Living Laboratories: Remapping the Legacy of Experiments in American Empire
- Author(s): Khanmalek, Tala
- Advisor(s): Feldman, Keith P
- et al.
Living Laboratories traces the gendered racialization of U.S. empire’s colonial expansion from the mid-eighteenth to the mid-nineteenth century, as well as women of color feminist texts of the late-twentieth century that reframe these legacies for our present. Each chapter focuses on what I call a “living laboratory,” a transnational site of state-sanctioned medical experimentation on populations regarded as bearers of disease. By examining the laws that precede invasive public health measures, I show how these living laboratories within and beyond the United States' national territorial borders circulate interconnected regimes of control.

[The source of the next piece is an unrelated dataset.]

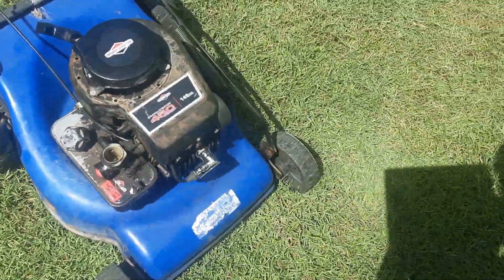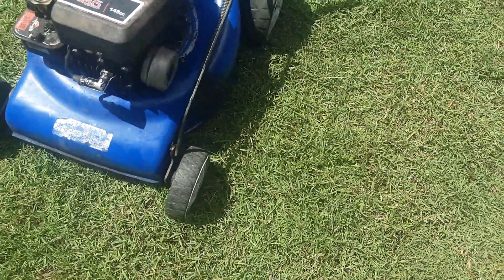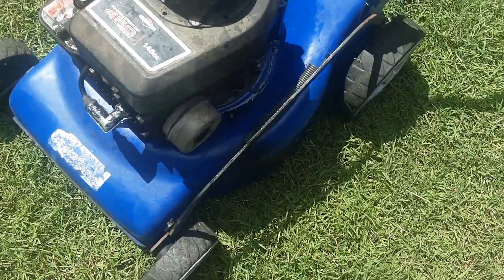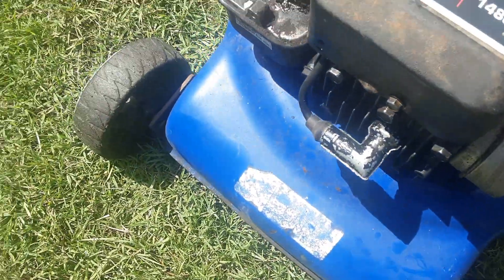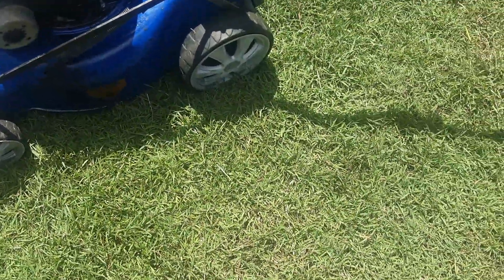Briggs & Stratton 450 series running. Burns a bit of oil as you can tell, but other than that it runs well. It's a good little running mower.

Central to my genealogical remapping of experiments in American empire are the narrated experiences of those not fully recognizable in the annals of history. By reading multi-genre literary works in relation to the juridical and scientific archive, Living Laboratories recovers agential subjects through an alternative grid of intelligibility. In doing so, I emphasize the distinctly embodied subjectivities that emerge from wounded flesh, pursuing a critique of what it means to be human from the literally and figuratively dismembered perspectives of writers Gayl Jones, Gloria Anzaldúa, and Aurora Levíns Morales.